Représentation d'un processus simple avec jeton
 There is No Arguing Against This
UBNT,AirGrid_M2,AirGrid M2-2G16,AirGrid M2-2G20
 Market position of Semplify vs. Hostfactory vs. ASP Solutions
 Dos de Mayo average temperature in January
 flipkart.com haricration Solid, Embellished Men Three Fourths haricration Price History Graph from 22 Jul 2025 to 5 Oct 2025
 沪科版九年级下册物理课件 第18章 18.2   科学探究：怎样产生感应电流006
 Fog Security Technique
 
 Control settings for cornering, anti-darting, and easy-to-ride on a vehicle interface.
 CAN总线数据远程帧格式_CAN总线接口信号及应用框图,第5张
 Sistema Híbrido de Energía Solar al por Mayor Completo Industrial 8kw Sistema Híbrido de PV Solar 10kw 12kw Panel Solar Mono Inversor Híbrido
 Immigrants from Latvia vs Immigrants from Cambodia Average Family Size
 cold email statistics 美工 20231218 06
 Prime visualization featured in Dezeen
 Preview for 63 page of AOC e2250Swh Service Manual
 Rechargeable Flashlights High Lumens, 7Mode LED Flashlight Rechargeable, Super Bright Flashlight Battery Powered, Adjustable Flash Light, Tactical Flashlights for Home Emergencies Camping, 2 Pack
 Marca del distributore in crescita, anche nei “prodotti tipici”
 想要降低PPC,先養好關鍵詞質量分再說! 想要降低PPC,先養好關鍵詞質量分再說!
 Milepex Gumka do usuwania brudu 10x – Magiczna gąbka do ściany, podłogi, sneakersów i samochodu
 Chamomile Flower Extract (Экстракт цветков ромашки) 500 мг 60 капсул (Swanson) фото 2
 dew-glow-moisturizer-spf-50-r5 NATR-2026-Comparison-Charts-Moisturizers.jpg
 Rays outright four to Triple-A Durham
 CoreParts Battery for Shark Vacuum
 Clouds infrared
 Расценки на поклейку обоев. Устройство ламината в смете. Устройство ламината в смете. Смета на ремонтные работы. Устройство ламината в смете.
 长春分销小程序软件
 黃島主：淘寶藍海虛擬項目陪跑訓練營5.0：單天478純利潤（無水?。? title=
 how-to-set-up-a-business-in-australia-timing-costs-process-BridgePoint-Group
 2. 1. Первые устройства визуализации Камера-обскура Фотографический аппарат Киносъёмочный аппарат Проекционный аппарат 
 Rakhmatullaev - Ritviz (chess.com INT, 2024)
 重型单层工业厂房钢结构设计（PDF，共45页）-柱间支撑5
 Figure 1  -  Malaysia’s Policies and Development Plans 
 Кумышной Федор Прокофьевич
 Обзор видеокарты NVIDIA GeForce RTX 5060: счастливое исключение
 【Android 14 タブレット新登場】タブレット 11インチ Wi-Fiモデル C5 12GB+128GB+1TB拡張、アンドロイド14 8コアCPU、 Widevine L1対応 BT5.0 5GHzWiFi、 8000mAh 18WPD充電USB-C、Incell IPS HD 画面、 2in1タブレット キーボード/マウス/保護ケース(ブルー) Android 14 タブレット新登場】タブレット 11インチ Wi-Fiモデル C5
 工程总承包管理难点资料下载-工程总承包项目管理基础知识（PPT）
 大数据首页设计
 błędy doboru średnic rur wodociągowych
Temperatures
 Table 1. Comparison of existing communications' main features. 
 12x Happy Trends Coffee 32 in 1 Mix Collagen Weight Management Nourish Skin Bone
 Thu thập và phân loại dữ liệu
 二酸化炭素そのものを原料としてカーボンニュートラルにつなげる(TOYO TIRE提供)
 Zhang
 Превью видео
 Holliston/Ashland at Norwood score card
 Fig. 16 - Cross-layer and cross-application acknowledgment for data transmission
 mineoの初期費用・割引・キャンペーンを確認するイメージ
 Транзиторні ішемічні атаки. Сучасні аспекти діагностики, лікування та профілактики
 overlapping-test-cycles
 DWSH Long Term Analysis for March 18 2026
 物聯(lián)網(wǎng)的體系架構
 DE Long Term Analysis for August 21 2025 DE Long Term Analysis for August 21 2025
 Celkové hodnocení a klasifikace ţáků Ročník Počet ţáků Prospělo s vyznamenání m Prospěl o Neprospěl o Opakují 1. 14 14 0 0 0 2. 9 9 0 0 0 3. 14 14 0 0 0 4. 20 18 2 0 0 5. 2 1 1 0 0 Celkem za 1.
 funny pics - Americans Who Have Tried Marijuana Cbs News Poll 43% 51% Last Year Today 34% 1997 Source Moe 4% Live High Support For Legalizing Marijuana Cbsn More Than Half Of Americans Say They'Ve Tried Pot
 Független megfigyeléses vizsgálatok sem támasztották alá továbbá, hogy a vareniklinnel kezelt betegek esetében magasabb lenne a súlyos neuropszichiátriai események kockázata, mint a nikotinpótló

——————

* _AIM OF THE TASK_: Only one stretch of the entries above is wanted: the lines from the one containing "Preview for 63" through the one containing "Milepex Gumka do". Please reproduce it exactly.

* _RESPONSE_:
 Preview for 63 page of AOC e2250Swh Service Manual
 Rechargeable Flashlights High Lumens, 7Mode LED Flashlight Rechargeable, Super Bright Flashlight Battery Powered, Adjustable Flash Light, Tactical Flashlights for Home Emergencies Camping, 2 Pack
 Marca del distributore in crescita, anche nei “prodotti tipici”
 想要降低PPC,先養好關鍵詞質量分再說! 想要降低PPC,先養好關鍵詞質量分再說!
 Milepex Gumka do usuwania brudu 10x – Magiczna gąbka do ściany, podłogi, sneakersów i samochodu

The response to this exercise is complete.